STORED DATA:

------------------------------------------------------------------------

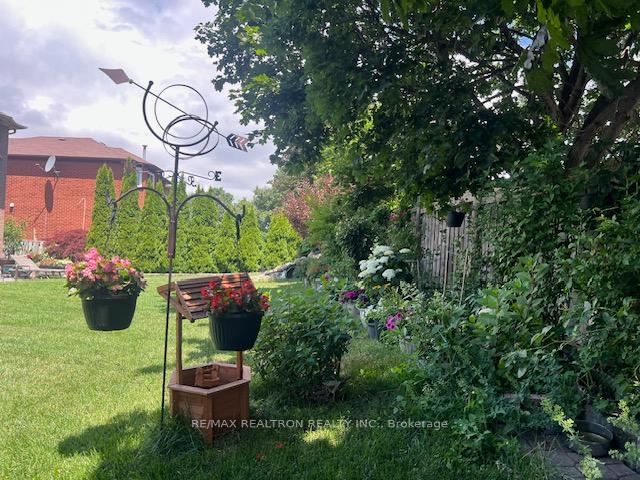 Photo 40 of 36 Erla Court, Markham, Middlefield — HOMEH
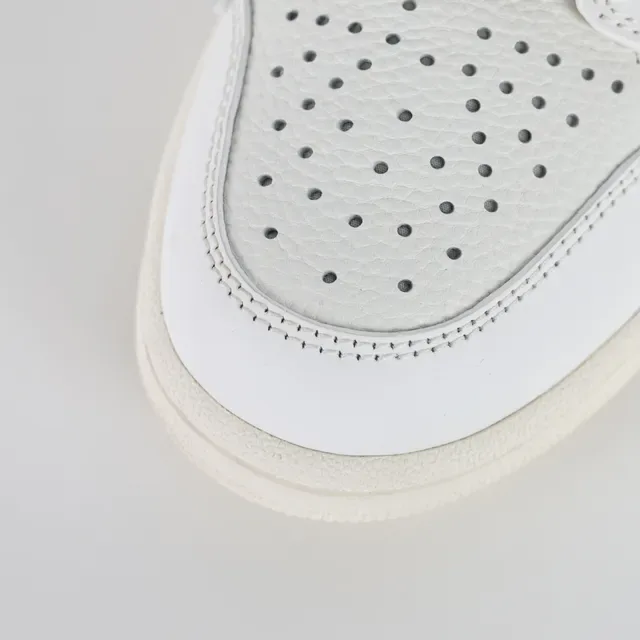 Monochromatic White Low-Top Perforated Lace-Up Lifestyle Sneakers 5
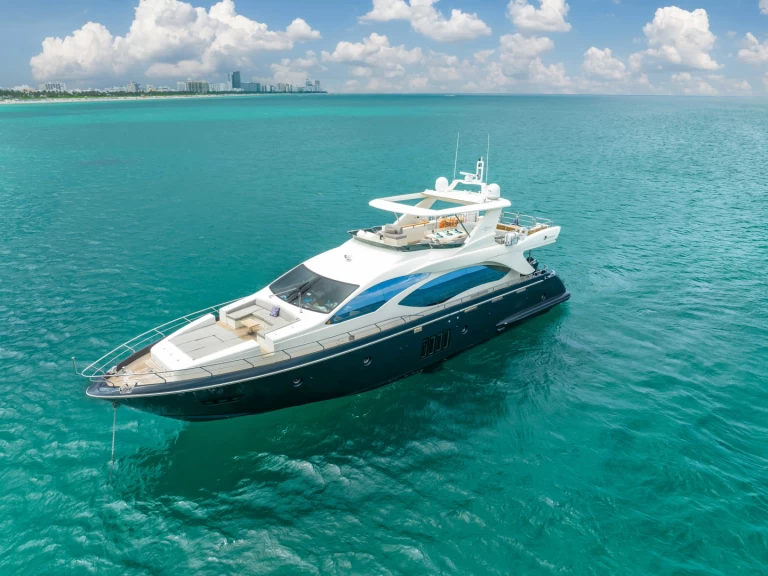 Bareboat Rental Luxury Yacht Azimut with a boat licence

------------------------------------------------------------------------

WORK INSTRUCTION:
Give back the full listing word for word, with the pictures left out.

ANSWER TO THIS EXERCISE:
 Photo 40 of 36 Erla Court, Markham, Middlefield — HOMEH
 Monochromatic White Low-Top Perforated Lace-Up Lifestyle Sneakers 5
 Bareboat Rental Luxury Yacht Azimut with a boat licence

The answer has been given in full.